PROBLEM REQUIREMENTS: Give back every record precisely.

RECORDS FOR THE TASK:
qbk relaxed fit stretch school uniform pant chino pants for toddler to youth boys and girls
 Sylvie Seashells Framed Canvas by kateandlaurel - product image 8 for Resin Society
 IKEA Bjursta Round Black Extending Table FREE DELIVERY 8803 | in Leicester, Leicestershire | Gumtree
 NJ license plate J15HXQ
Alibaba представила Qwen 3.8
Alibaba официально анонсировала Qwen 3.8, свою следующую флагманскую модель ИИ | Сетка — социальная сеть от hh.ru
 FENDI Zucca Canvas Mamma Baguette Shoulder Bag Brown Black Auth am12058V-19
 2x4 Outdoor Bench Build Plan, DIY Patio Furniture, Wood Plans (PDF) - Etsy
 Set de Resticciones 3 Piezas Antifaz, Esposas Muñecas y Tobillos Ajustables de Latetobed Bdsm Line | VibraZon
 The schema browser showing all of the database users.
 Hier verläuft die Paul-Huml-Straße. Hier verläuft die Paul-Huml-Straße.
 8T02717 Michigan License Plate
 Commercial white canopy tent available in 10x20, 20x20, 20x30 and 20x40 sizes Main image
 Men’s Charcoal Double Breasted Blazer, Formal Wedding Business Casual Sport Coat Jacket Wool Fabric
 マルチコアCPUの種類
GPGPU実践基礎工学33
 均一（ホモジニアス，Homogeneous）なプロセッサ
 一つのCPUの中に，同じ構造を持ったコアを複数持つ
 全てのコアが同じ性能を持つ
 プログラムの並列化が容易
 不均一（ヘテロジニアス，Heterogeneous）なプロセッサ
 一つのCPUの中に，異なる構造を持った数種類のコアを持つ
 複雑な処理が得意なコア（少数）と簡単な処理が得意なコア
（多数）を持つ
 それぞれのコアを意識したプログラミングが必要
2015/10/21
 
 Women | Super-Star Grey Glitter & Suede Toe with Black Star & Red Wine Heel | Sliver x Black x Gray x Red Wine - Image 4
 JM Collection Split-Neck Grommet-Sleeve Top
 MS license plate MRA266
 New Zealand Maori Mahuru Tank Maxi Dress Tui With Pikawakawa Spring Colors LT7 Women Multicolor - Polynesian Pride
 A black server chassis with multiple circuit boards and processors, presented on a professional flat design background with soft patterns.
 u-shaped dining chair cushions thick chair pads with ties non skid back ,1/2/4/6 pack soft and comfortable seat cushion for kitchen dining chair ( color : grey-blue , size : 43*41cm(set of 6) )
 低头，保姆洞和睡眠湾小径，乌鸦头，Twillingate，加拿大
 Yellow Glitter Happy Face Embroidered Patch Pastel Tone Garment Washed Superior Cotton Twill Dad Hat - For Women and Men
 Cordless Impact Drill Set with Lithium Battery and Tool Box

ANSWER TO THIS TASK:
qbk relaxed fit stretch school uniform pant chino pants for toddler to youth boys and girls
 Sylvie Seashells Framed Canvas by kateandlaurel - product image 8 for Resin Society
 IKEA Bjursta Round Black Extending Table FREE DELIVERY 8803 | in Leicester, Leicestershire | Gumtree
 NJ license plate J15HXQ
Alibaba представила Qwen 3.8
Alibaba официально анонсировала Qwen 3.8, свою следующую флагманскую модель ИИ | Сетка — социальная сеть от hh.ru
 FENDI Zucca Canvas Mamma Baguette Shoulder Bag Brown Black Auth am12058V-19
 2x4 Outdoor Bench Build Plan, DIY Patio Furniture, Wood Plans (PDF) - Etsy
 Set de Resticciones 3 Piezas Antifaz, Esposas Muñecas y Tobillos Ajustables de Latetobed Bdsm Line | VibraZon
 The schema browser showing all of the database users.
 Hier verläuft die Paul-Huml-Straße. Hier verläuft die Paul-Huml-Straße.
 8T02717 Michigan License Plate
 Commercial white canopy tent available in 10x20, 20x20, 20x30 and 20x40 sizes Main image
 Men’s Charcoal Double Breasted Blazer, Formal Wedding Business Casual Sport Coat Jacket Wool Fabric
 マルチコアCPUの種類
GPGPU実践基礎工学33
 均一（ホモジニアス，Homogeneous）なプロセッサ
 一つのCPUの中に，同じ構造を持ったコアを複数持つ
 全てのコアが同じ性能を持つ
 プログラムの並列化が容易
 不均一（ヘテロジニアス，Heterogeneous）なプロセッサ
 一つのCPUの中に，異なる構造を持った数種類のコアを持つ
 複雑な処理が得意なコア（少数）と簡単な処理が得意なコア
（多数）を持つ
 それぞれのコアを意識したプログラミングが必要
2015/10/21
 
 Women | Super-Star Grey Glitter & Suede Toe with Black Star & Red Wine Heel | Sliver x Black x Gray x Red Wine - Image 4
 JM Collection Split-Neck Grommet-Sleeve Top
 MS license plate MRA266
 New Zealand Maori Mahuru Tank Maxi Dress Tui With Pikawakawa Spring Colors LT7 Women Multicolor - Polynesian Pride
 A black server chassis with multiple circuit boards and processors, presented on a professional flat design background with soft patterns.
 u-shaped dining chair cushions thick chair pads with ties non skid back ,1/2/4/6 pack soft and comfortable seat cushion for kitchen dining chair ( color : grey-blue , size : 43*41cm(set of 6) )
 低头，保姆洞和睡眠湾小径，乌鸦头，Twillingate，加拿大
 Yellow Glitter Happy Face Embroidered Patch Pastel Tone Garment Washed Superior Cotton Twill Dad Hat - For Women and Men
 Cordless Impact Drill Set with Lithium Battery and Tool Box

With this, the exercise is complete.